Valeant is also considering selling, spinning off or taking private its neurological and other pharmaceutical business, a move one Wall Street analyst described as paving the way for Valeant’s business model to be less controversial.

The neurological business accounts for most of Valeant’s price actions and realized price increases on average of more than 30 percent, JP Morgan analyst Chris Schott wrote in a research note. He estimated it to make up about 10 percent of the company’s revenues.

The move would fit into a strategy that Pearson said has already been underway. Valeant has begun during the past two years to increase sales volumes as a percentage of growth compared with price increases.

“We’ll just be pragmatic and why focus on areas of the business that is just going to create a lot of media stir,” he added, referring to the recent wave of negative publicity over steep price increases for older medicines.

Pearson said the company would begin to focus more on research and development, on which it historically has spent little.

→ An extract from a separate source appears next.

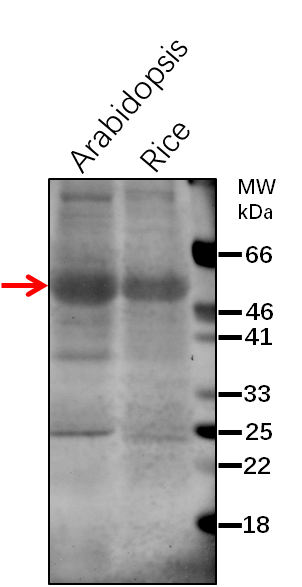 Anti-HXK1/ Hexokinase-1 Rabbit Antibody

Last year the company spent $100 million on R&D and it sees that growing to $400 million to $500 million in 2016, with a focus on dermatology, contact lenses and surgical sectors.

Pearson indicated Valeant is scaling back on acquisitions, saying that while it continues to look at them, buying back shares may make more sense with the company’s stock at its current price.

Valeant reported unexpectedly better quarterly profits earlier on Monday.